First, it’s important to understand that liability in the labor and employment world is governed by contract or common law successorship issues with the overarching theme of protecting the “little guy.” This differs from the traditional corporate “veil piercing” analysis. Effectively, if the employee who punched the clock the day before closing doesn’t experience any difference in his life post-closing (except perhaps the name on his paycheck), it is quite likely that you, the buyer, will be named in any claim he makes and possibly even liable for the wrongdoings of the predecessor entity.
Wait, you say, we have an indemnification clause by which the seller agrees to accept all responsibility for any claims based on violations prior to closing!
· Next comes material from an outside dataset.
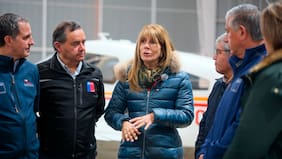 Ministra Rincón detalla que las regiones más afectadas por cortes eléctricos durante el sistema frontal son La Araucanía y Valparaíso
Hold your horses. One of the biggest misconceptions is that clauses obligating the seller to indemnify the buyer for any pre-close violations will insulate the buyer from any claims post-close. This is not the case. At best, these clauses offer the buyer the opportunity to seek repayment of damages, costs, and fees incurred via litigation from the seller – who may not have the resources to cover the buyer’s expenditures or liability (and who also will certainly be named in any suit related to the company’s operations pre- or post-close). So you’d better know what you’re getting yourself into.
At minimum, make sure you ask these questions of the seller before you finalize the purchase:
1) Labor Unions: Does the seller have any labor unions or are you aware of any organizing activity? If there is any organized labor, ask to see all Collective Bargaining Agreements & review all grievances. The CBAs may contain clauses obligating the buyer to assume the terms contained therein. If you are not planning to transition the organized operations over post-close, you may be responsible for posting a bond to cover the withdrawal liability for the multi-employer pension plan in to which the seller previously contributed. This can be hundreds of thousands (or even millions) of dollars, and it is held in escrow for five years. That’s a lot of money to be tied up if you’re not expecting it.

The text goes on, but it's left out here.